In November, Cohere released a dataset containing all of Wikipedia, chunked and embedded to vectors with their multilingual-v3 model. Computing this many embeddings yourself would cost in the neighborhood of $5000, so the public release of this dataset makes creating a semantic, vector-based index of Wikipedia practical for an individual for the first time.

Here’s what we’re building:

You can try searching the completed index on a public demo instance here.

Why this is hard

Sure, the dataset is big (180GB for the English corpus), but that’s not the obstacle per se. We’ve been able to build full-text indexes on larger datasets for a long time.
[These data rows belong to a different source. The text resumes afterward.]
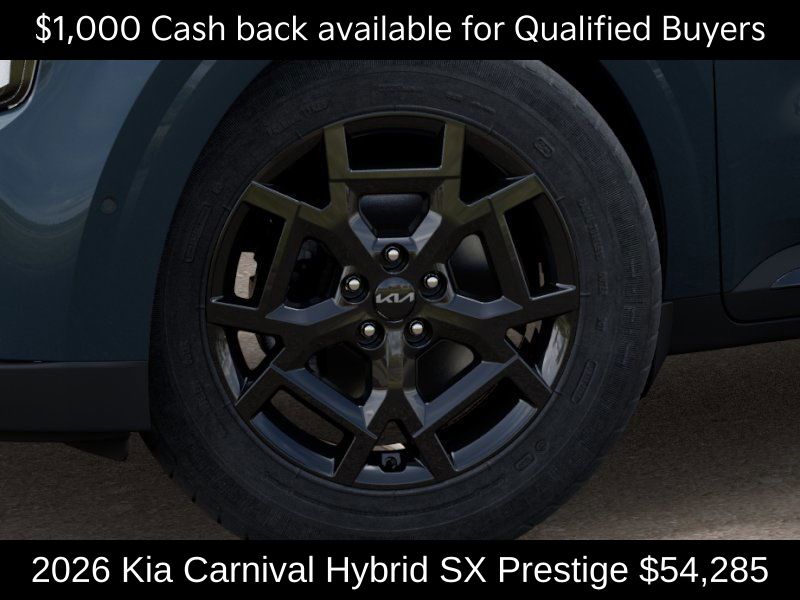 2026 Kia Carnival SX Prestige photo 9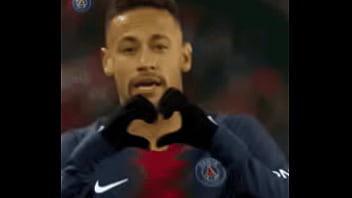 NEYMAR MANDANDO BEIJO!! CUIDADO PARA NÃO GOZAR!!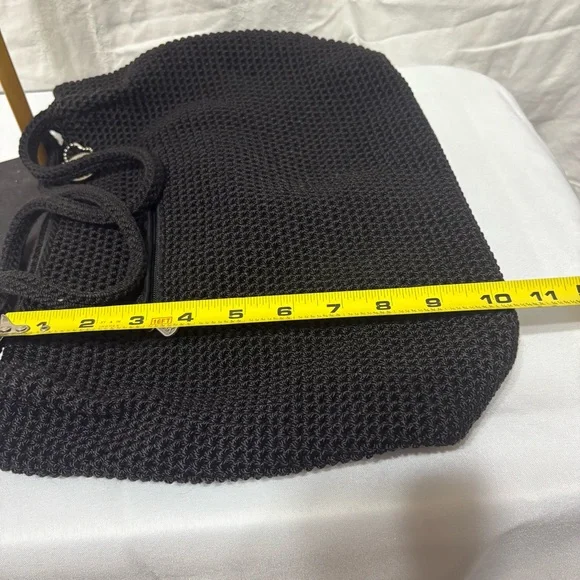 The Sak black crochet shoulder bag - Picture 8 of 8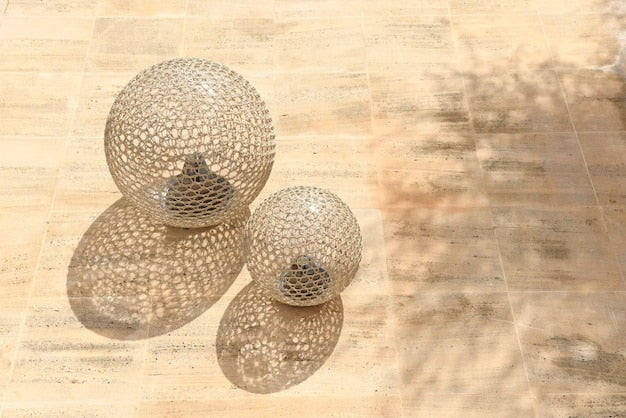 Suspension Raphia Image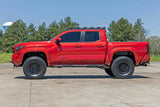 Estribos Rough Country Para Tacoma 2024-2025 2wd 4wd Negro
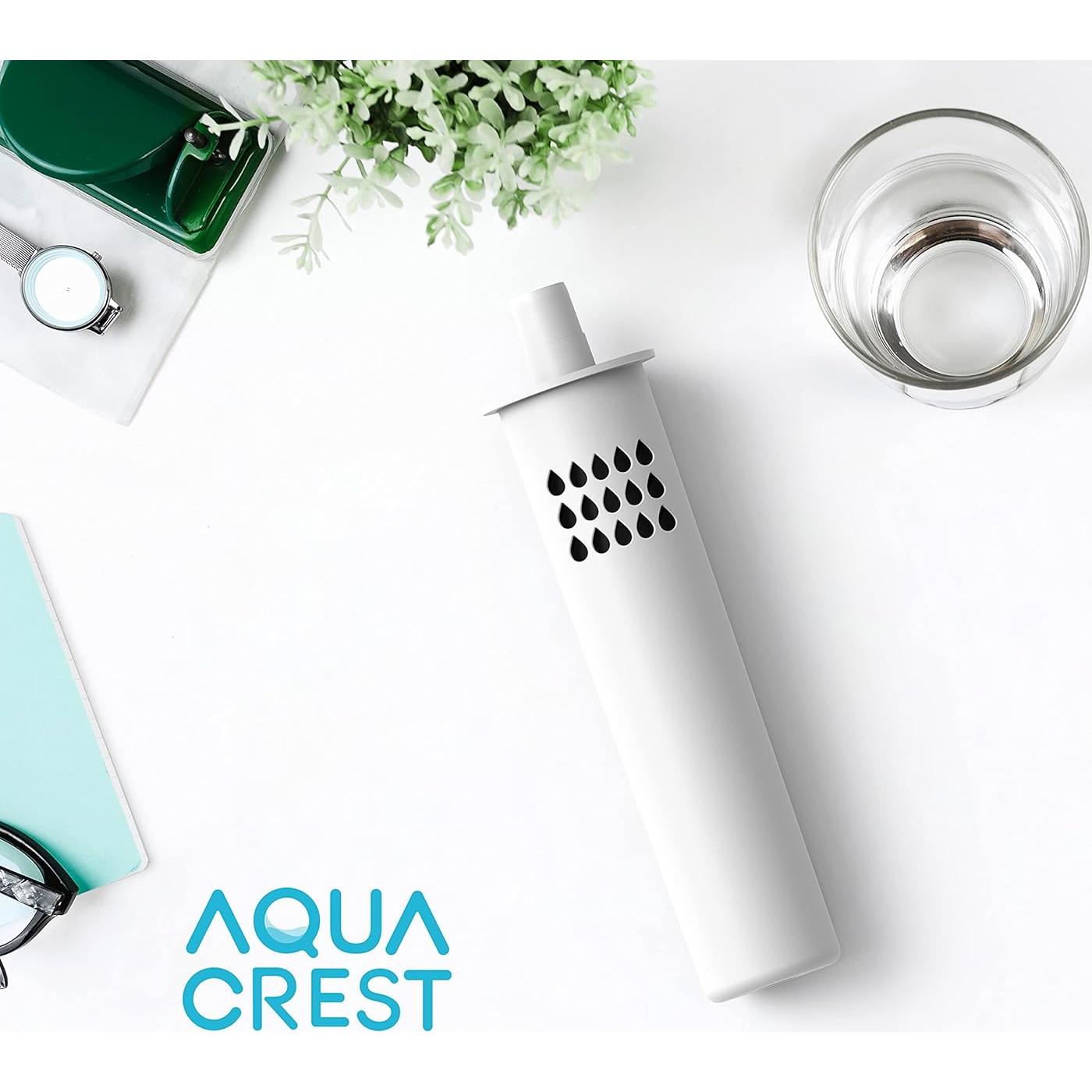 Filtro de Agua AQUACREST BB02 para Botella Brita Soft Squeeze - 2 Unidades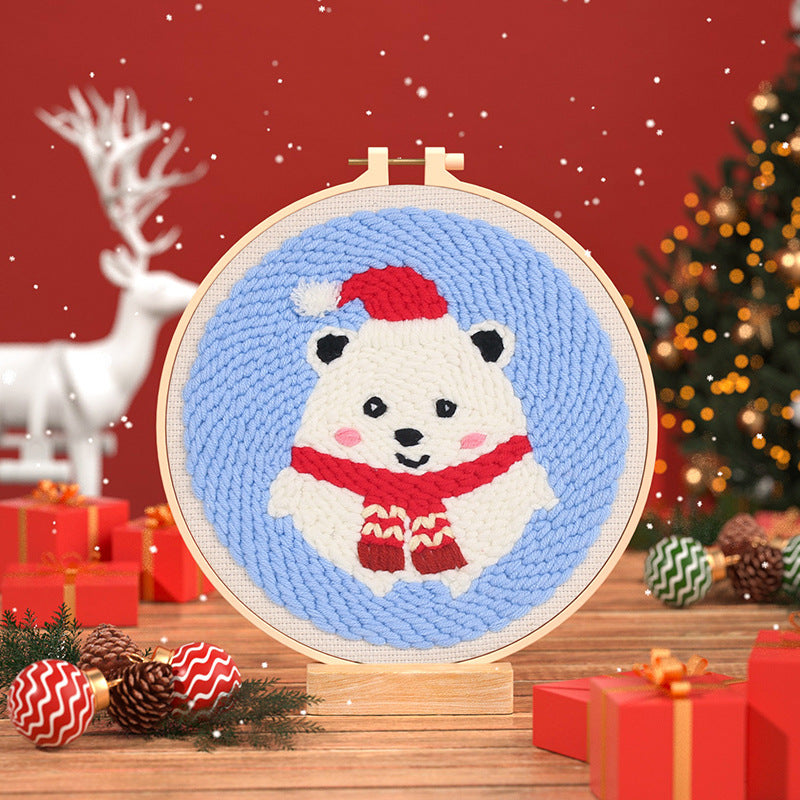 StitchMerry – Ihr kreativer Leitfaden für Weihnachtsstickerei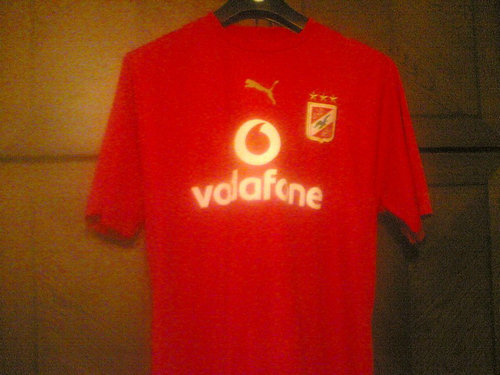 maillot al ahly domicile 2007-2008 rétro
The obstacle is that until now, off-the-shelf vector databases could not index a dataset larger than memory, because both the full-resolution vectors and the index (edge list) needed to be kept in memory during index construction. Larger datasets could be split into segments, but this means that at query time they need to search each segment separately, then combine the results, turning an O(log N) search per segment into O(N) overall. (In their latest release, Lucene attempts to mitigate this by processing segments in parallel with multiple threads, but obviously (1) this only gives you a constant factor of improvement before you run out of CPU cores and (2) this does not improve throughput.)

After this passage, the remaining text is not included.